___ Data extract

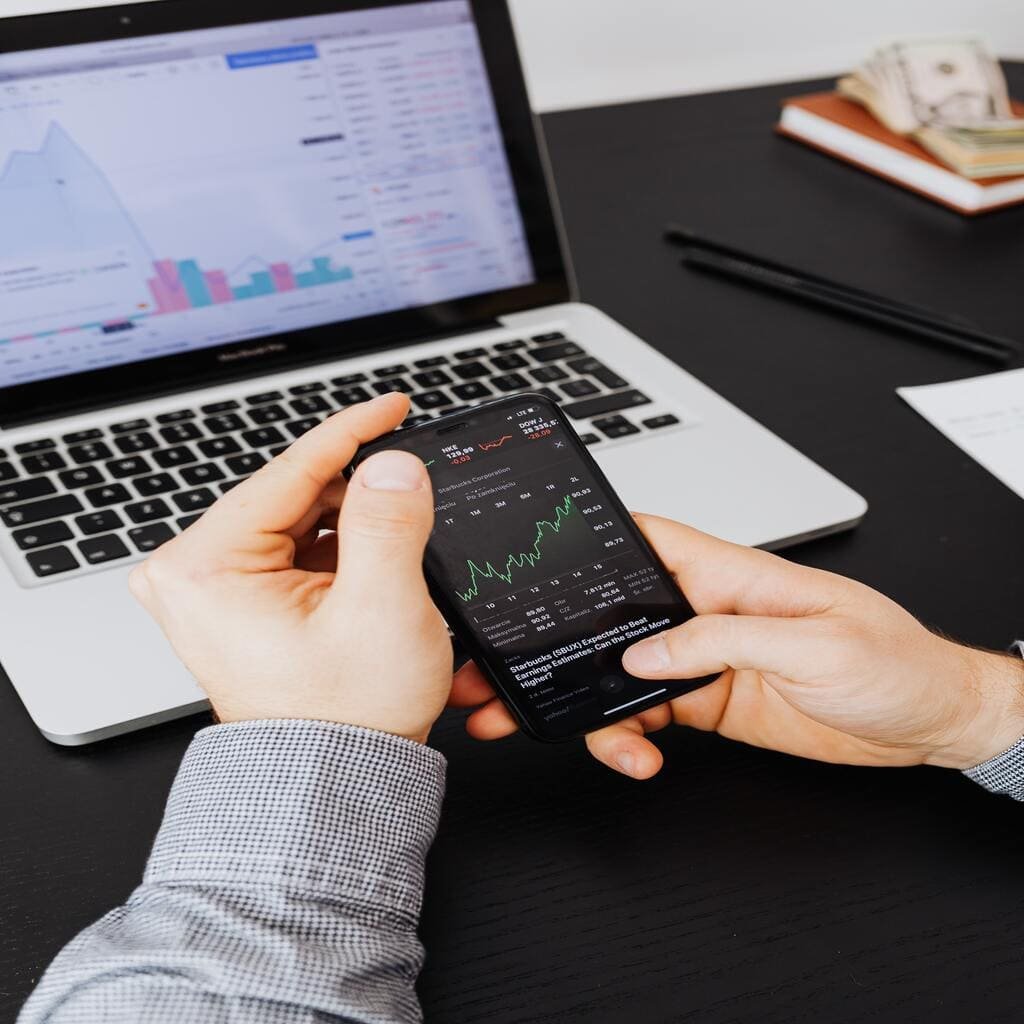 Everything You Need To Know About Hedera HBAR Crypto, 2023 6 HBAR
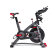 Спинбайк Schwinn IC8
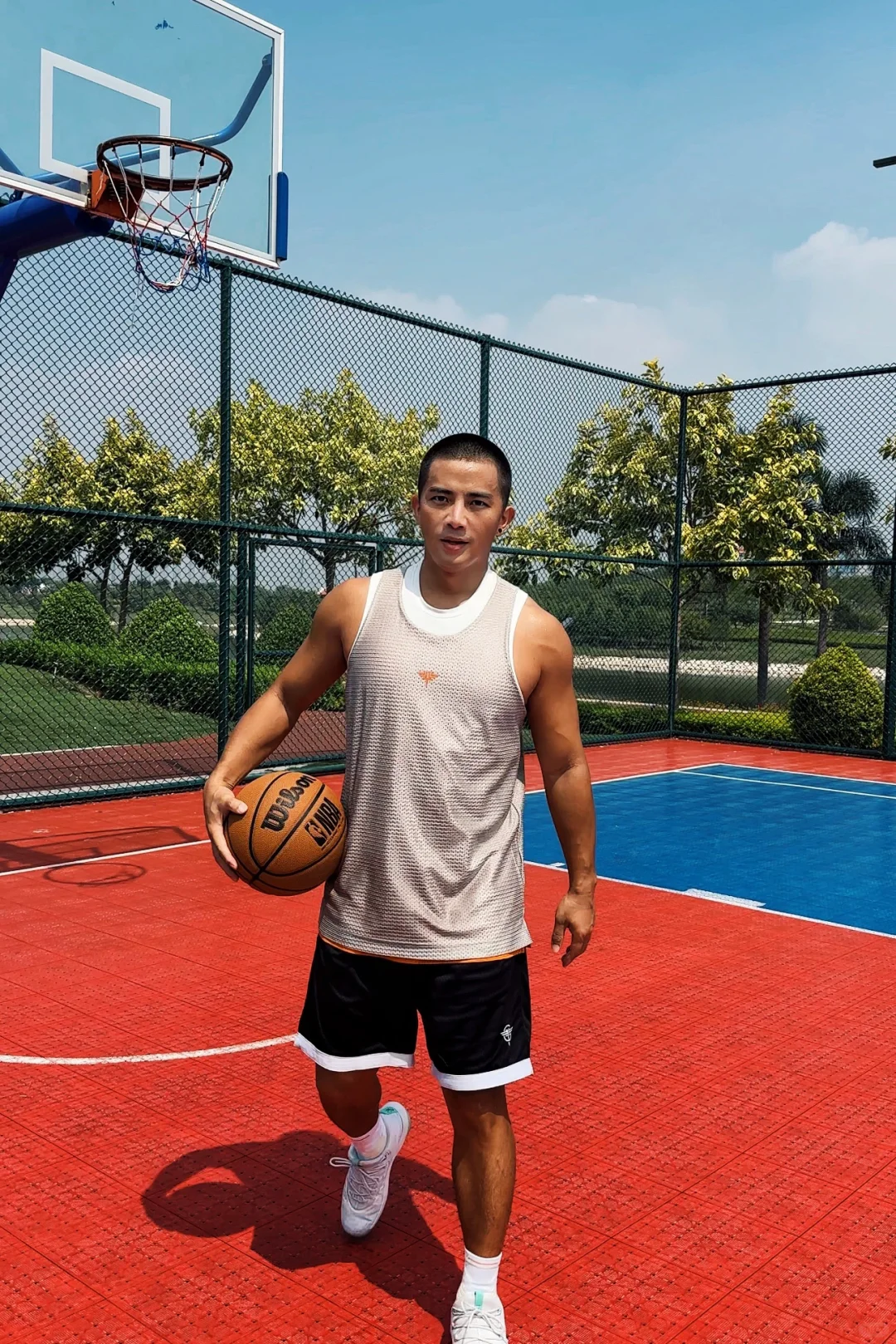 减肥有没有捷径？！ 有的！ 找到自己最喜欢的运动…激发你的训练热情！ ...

______
___ Data extract

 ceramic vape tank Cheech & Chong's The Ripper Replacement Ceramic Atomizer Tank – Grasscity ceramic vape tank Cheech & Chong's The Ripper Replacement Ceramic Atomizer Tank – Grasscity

______
___ Data extract

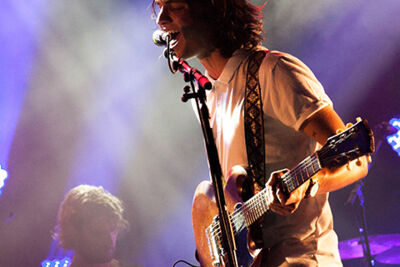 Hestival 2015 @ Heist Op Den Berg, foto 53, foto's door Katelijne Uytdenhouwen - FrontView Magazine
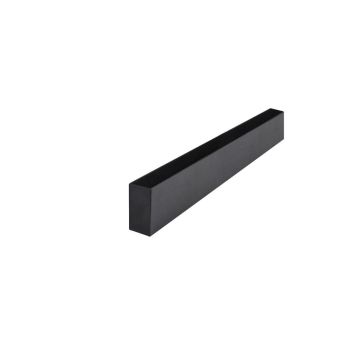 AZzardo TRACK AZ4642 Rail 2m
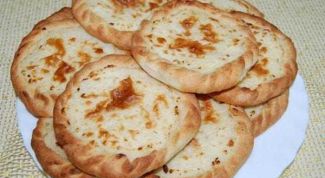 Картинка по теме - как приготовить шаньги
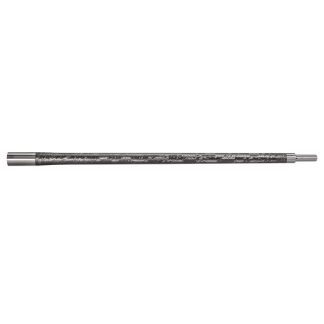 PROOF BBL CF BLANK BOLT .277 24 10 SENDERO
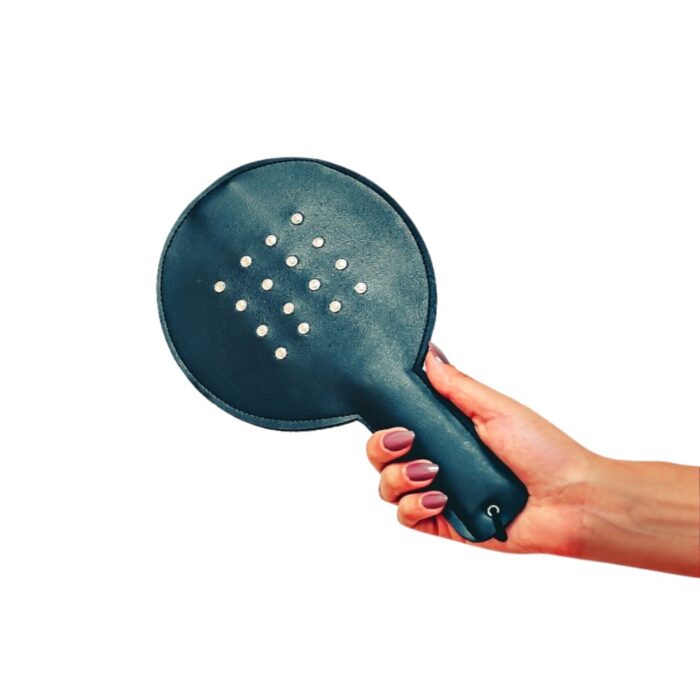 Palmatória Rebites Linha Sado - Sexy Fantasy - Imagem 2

______

Your task » In the listing above, find the line with "Everything You Need" and the line with "减肥有没有捷径？！ 有的！ 找到自己最喜欢的运动…激发你的训练热情！ ...". Copy both of them and every line between, exactly, but not the pictures.

Exercise output »
 Everything You Need To Know About Hedera HBAR Crypto, 2023 6 HBAR
 Спинбайк Schwinn IC8
 减肥有没有捷径？！ 有的！ 找到自己最喜欢的运动…激发你的训练热情！ ...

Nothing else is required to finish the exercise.